The two men joined by their mutual friend, the lyricist and composer Amanda Green met for the first time over Mexican food at a Chelsea restaurant. They were there to discuss the possibility of taking a huge step together turning the 1997 documentary “Hands on a Hardbody” into a stage musical.


Wright, who wrote “I Am My Own Wife” and the musical “Grey Gardens,” obviously knew about Phish, but confessed, “I immediately associated them with their Ben & Jerry’s flavor.” Would Anastasio be able to win him over to join their team?


“When I sat down, he gave one of the most thrilling, impromptu dissertations on why the overture to ‘Gypsy’ is one of the most seminal pieces of American theater music,” Wright recalls. “I almost choked on my refried beans. I was like, ‘This guy knows his stuff.’ In that one moment, I was won over 100 percent.”


Asked about it, Anastasio admits he may have hoped to impress his dinner companions: “I probably wanted them to know that I had a reverence for musical theater and that I’ve loved the theater my whole life.”


Three years later, the trio’s collaboration finally reaches Broadway after a stop at the La Jolla Playhouse in California last summer and lots of tinkering from a fairly obsessive trio.


“It’s been a whirlwind,” says Anastasio.


“It’s been insane but really rather exhilarating,” says Wright.


It was Wright who first rented S.R. Binder’s documentary about an endurance contest at a Texas car dealership that offered a free Nissan pickup to whoever could keep their hands on it the longest. The winner lasted 77 hours.


Wright instantly thought it had potential for the stage: It had swelling drama, quirky characters and explored the meaning of the American dream. Wright gave it to his friend Green, the daughter of lyricist Adolph Green whose most recent Broadway show was “Bring It On.”


She and Wright began to work on the musical but she still wanted to find the perfect collaborator to help her write the music. Her husband suggested the Phish frontman, whom Green had been writing songs with on the side.


“The answer was right in front of my face,” she says. “Doug and I were both like, ‘We want it to sound great. We don’t want it to sound like Broadway-does-country or Broadway-does-rock. Trey just can’t do a false move musically. It just sounds like we dreamed it would.”


Anastasio threw himself into the work with the enthusiasm of a novice. Though he grew up in a home that revered show tunes and was regularly taken to Broadway, the jam band leader had to learn the hard way that what he did in Phish didn’t translate to the musical stage.

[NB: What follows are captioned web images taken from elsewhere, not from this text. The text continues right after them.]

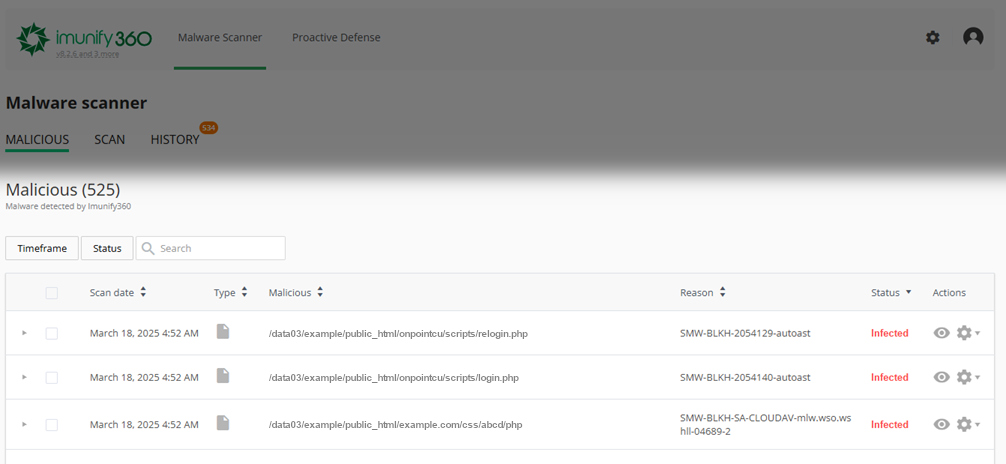 Imunify360 interface with a full malicious table on the malware scanner tab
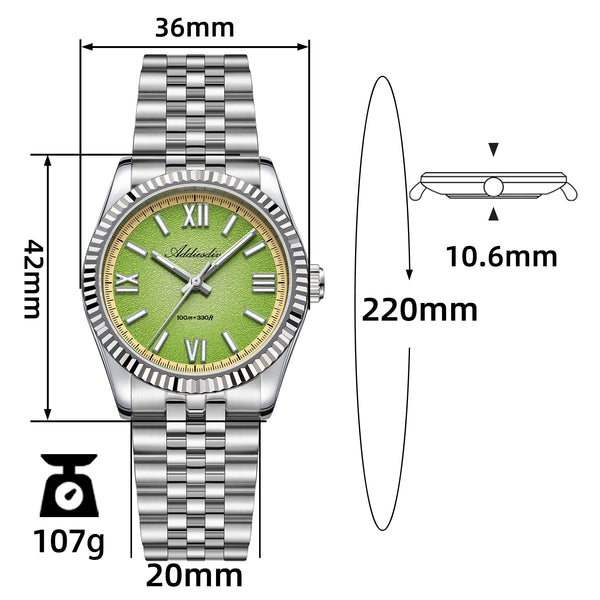 ★India Warehouse★ADDIESDIVE 36mm VH31 Summer Edition Quartz Watch AD2535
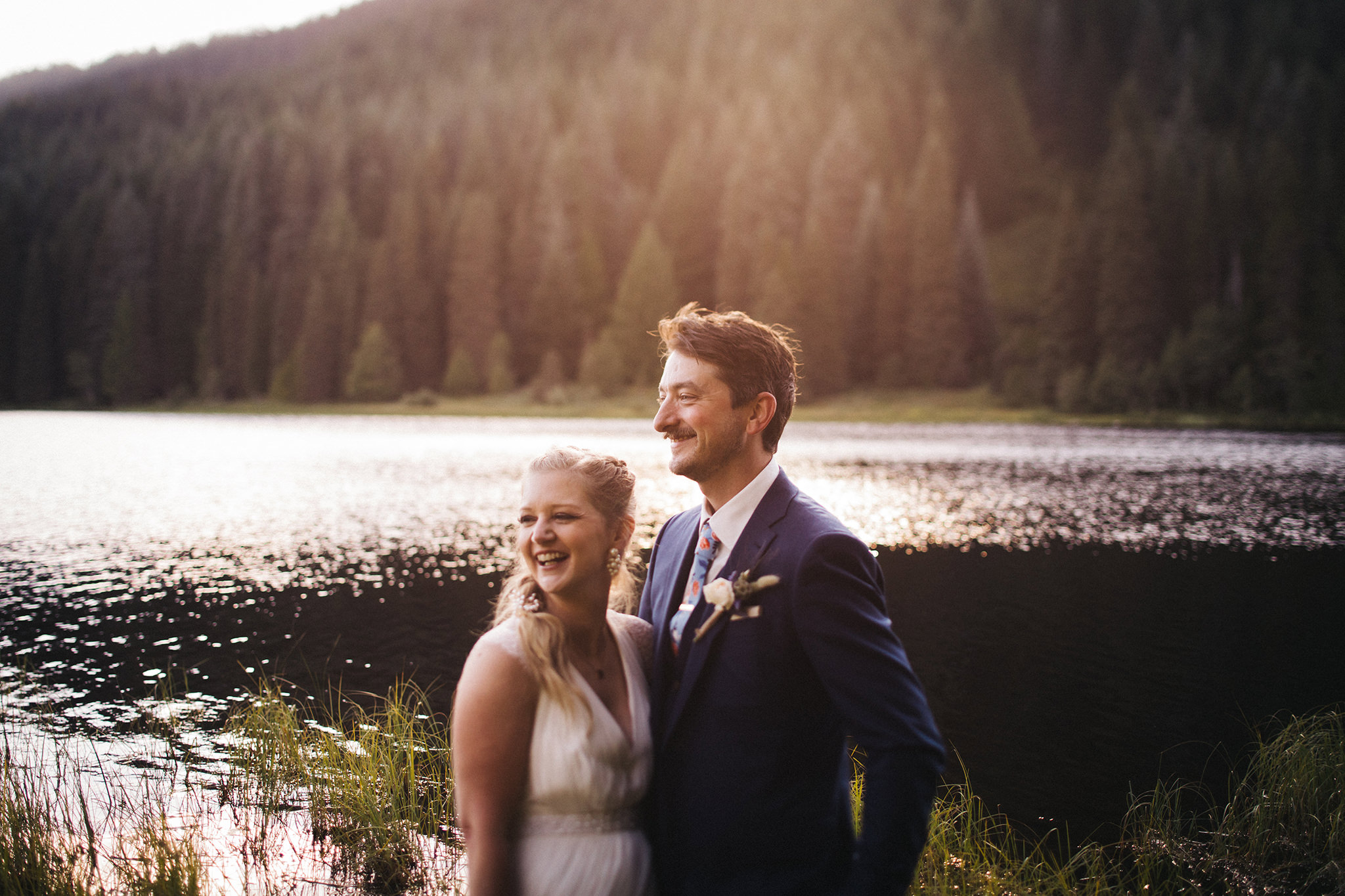 Bride and groom at Trillium Lake on their wedding day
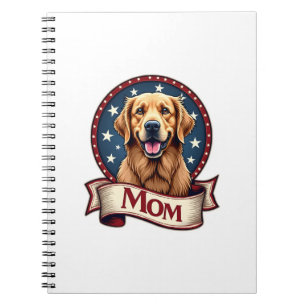 Patriotic Dog Mom Golden Retriever Vintage Tee Notebook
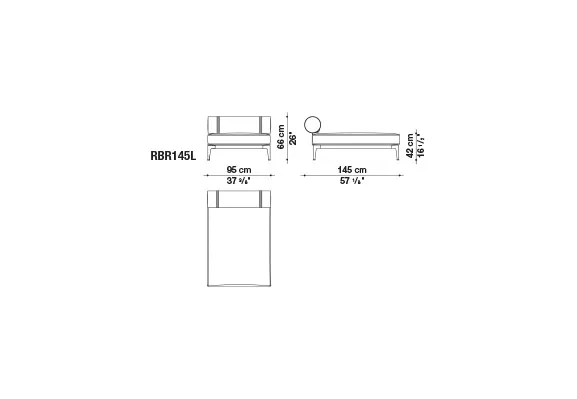 Technisches Datenblatt des B&B Italia Ribes Chaiselongue Moduls mit den Maßen 145 cm Länge 95 cm Breite und 48 cm Höhe.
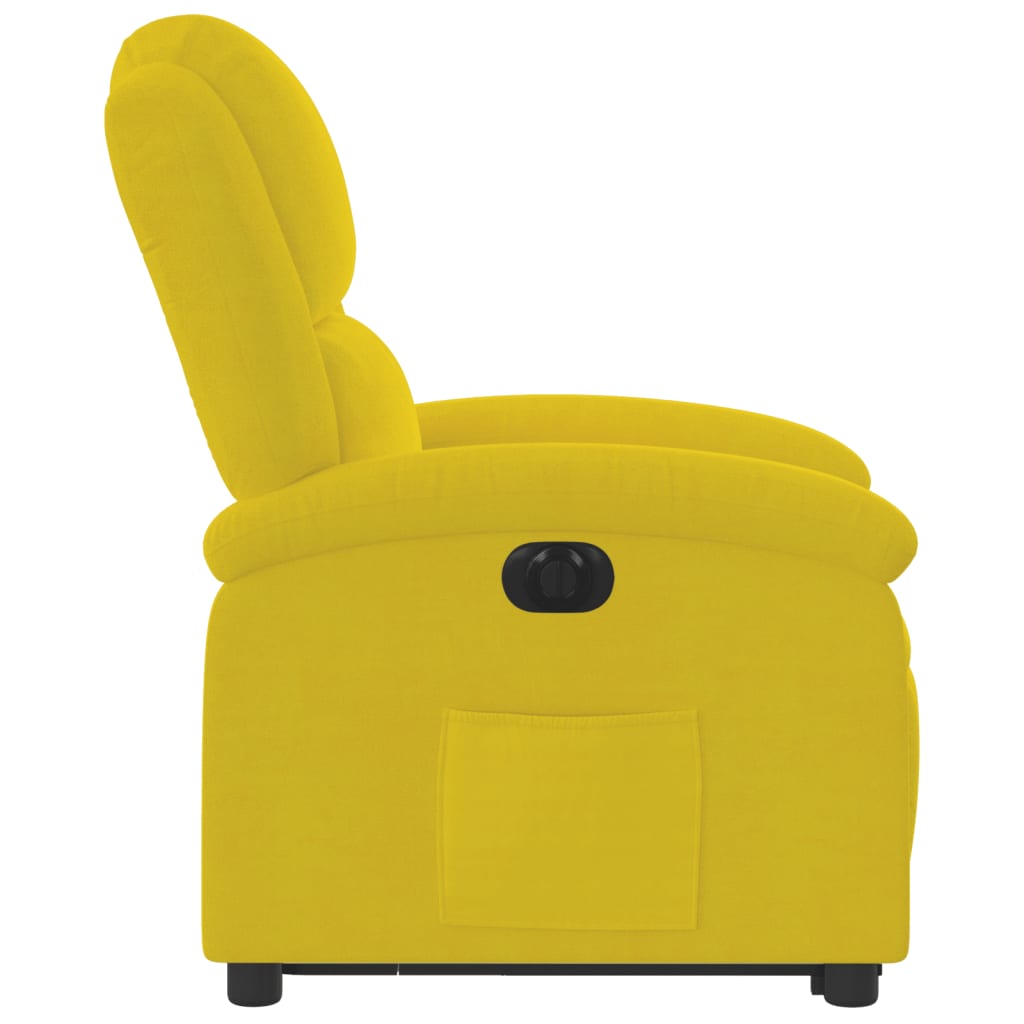 Fauteuil relax avec releveur électrique en velours jaune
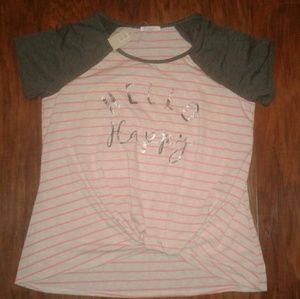 Hello Happy Maurices Raglan Tee Size 0
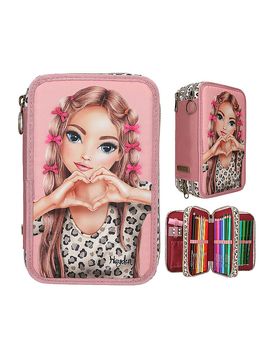 Estuche de 3 compartimentos con lazo
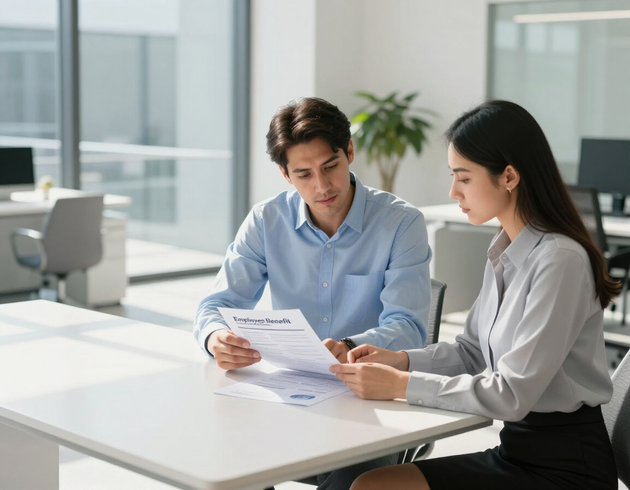Two coworkers reviewing a document together at a bright office table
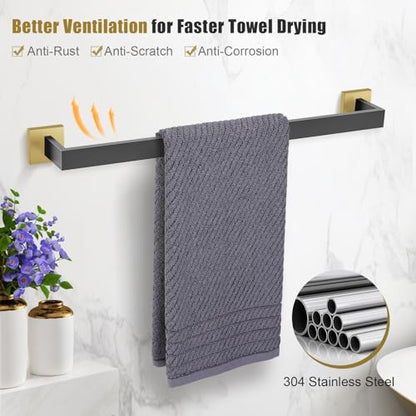 TURS 5-Piece Bathroom Hardware Set Matte Black and Gold Towel Bar Set Bath Towel Holder Sets SUS 304 Stainless Steel Wall Mounted Towel Rack Sets for Bathroom. - color: Black&gold, size: Set D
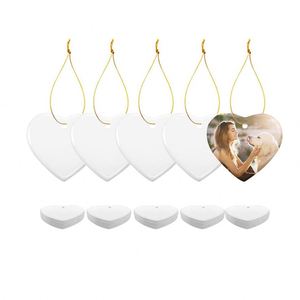 Adornos Navideños Personalizados Hechos a Mano de Porcelana en Forma de Corazón para el Día de San Valentín, Piezas Blancas de Cerámica para Sublimación - Product Image 1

“In the theater, everything has to propel the journey of the character every lyric, every note, everything. In a concert venue, it’s different,” he says. “I expected it to be tough. I didn’t expect it to be as tough as it has been.”


Wright and Green credit Anastasio with the flexibility and bravery to know when a song isn’t working, as he did just a week into previews at the Brooks Atkinson Theatre.


The collaborators cut the offending tune and then he and Green rushed into a dressing room and wrote a new song “If She Don’t Sleep” for the first act in a “mad spasm of inspiration,” as Wright puts it.


Anastasio, who was obsessed with “West Side Story” as a kid, joked that he used to love poring over old photos of Stephen Sondheim and Leonard Bernstein lounging on couches as they collaborated on last-minute songs.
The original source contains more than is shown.